Salvage is a highly technical subject, but a few remarks at this stage are necessary if the reader is to appreciate the extent to which considerations of salvage affected the problem under discussion.
Salvage operations must vary according to the circumstances of each particular case. The size of the vessel, the damage which she has sustained, the manner in which she is resting on the bottom of the sea, the nature of the ground, the tides, the depth of water, the degree of exposure to rough seas, the proximity of shelter for salvage craft, and the distance from the land are all factors of importance, but they by no means exhaust the list.
One of our main purposes in considering salvage operations was that of ascertaining the chief obstacles to salvage, so that we could provide the enemy with as many of those identical obstacles as lay in our power.
Another important object, concerning the immediate problem at Zeebrugge, was that of deciding the best type and size of vessel to be used in addition to the question of what particular damage each vessel should receive, and how she should be fitted to defy attempts at removal.
There are three principal methods of removing a sunken ship. First, bodily removal with the aid of some lifting agent. Second, dispersion by explosive means. Third, piecemeal removal by cutting away.
Regarding the first-mentioned method, a small vessel can be lifted by passing hawsers beneath her and securing the ends to salvage craft on the surface overhead. The hawsers being hauled taut at low tide, the vessel will lift off the bottom when the rise of tide lifts the salvage craft, and can then be transported bodily elsewhere. Larger vessels can be lifted by the use of compressed air, or by pumping out the vessel after closing all holes under water. Provided the ship is upright the compressed air method can leave out of account the damage sustained below the vessel's normal waterline, but the remainder of the hull must be rendered airtight. Air can then be pumped into the hull until the vessel is lifted, and she can be towed away as required.

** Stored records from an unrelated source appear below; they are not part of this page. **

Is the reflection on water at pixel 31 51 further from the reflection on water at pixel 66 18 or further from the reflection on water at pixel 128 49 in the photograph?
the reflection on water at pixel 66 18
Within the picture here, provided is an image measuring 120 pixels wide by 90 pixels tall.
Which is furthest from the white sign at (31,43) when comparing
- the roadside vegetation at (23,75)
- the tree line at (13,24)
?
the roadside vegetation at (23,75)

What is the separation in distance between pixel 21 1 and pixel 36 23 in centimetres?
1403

This method has been used successfully when removing large vessels, but the practicability of rendering them airtight chiefly depends on the damage which they have sustained. The pumping-out method, comparatively speaking, is the most simple one to adopt, provided that the damage to the hull is small. The damaged portion must be repaired by divers unless the more elaborate method of building a coffer-dam—i.e., a sort of dock—around the ship, is pursued. Divers cannot work in a strong tidal current or in rough weather. The repair of holes under water is rendered extremely difficult, if not actually impossible, when the bottom of the ship is badly holed with the ship resting on the damaged portion. The ship must be made watertight, or nearly so, below the surface of the sea before she can be lifted. The word "watertight" is qualified here because, as a matter of accuracy, the ship can be pumped out and lifted, provided that the pumps can eject water at a greater rate than the latter is flowing in. Before passing on to consider the next method it may be as well to remark that special difficulty is experienced when moving sand—i.e., silt—has access to the holes in the ship.

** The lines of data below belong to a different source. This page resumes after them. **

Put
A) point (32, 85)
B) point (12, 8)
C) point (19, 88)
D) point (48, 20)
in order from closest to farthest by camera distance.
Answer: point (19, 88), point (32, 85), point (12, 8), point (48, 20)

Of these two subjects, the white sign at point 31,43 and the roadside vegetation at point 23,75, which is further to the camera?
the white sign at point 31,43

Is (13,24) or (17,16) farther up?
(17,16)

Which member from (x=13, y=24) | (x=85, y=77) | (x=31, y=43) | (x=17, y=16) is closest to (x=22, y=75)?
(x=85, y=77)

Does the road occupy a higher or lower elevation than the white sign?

Dispersion by means of explosive charges may, under certain circumstances, be a simple operation, but, on the other hand, there are certain conditions which put this method outside the pale of choice. For instance, in the case of a ship sunk in a narrow channel where much silt is experienced, the explosive method is almost worse than useless. For every explosion in a given section of a vessel will tend to shatter that portion into several pieces. Each piece falls to the bottom and forms a new obstruction. Silt then enormously aggravates the situation, for the sand will collect against the obstruction until it becomes a miniature sandbank. Such shoals are then difficult to remove. A bucket-dredger—i.e., a vessel fitted with an endless chain of buckets for scooping up the bottom—will break her buckets as soon as they encounter the steel kernel of the shoal. On the other hand, a suction dredger—i.e., a vessel designed to suck up sand off the sea-bottom—cannot raise solid material. Neither type of dredger can remove the cause of the shoal; any removal of sand under such conditions is merely temporary; the sand will recommence building up the shoal as soon as the dredger ceases work. Dredging against such obstacles is of little more use than dredging against rocks.
There remains the third method, namely, piece-meal removal by means of "cutting away." Cutting away can be accomplished, in the ordinary course of events, by means of acetylene gas cutters or by pneumatic tools. Acetylene gas will cut through steel with little more effort than a knife cutting through india-rubber. But acetylene gas cannot be used under water and cannot cut through large thicknesses of cement. Pneumatic tools provide a very laborious and tedious means of cutting large quantities of steel. Work under water entails the use of divers. Thus, the removal of a ship by the piecemeal process is an exceedingly prolonged undertaking, especially as each piece must be lifted out when cut away; for reasons already stated the pieces must on no account be allowed to fall to the sea-bottom.
From the foregoing remarks we arrive at the following conclusions. The blockships should be too large to lift off the bottom by the hawser method. They should be extensively damaged and sunk in such a manner that they would rest on the damaged portion of the hull. They should be fitted to counter "cutting away" tactics, and should be sunk in positions where silt would render impracticable the explosive method of dispersion; the damage should be so situated as to give the silting sand access to the hull through the holes in the latter.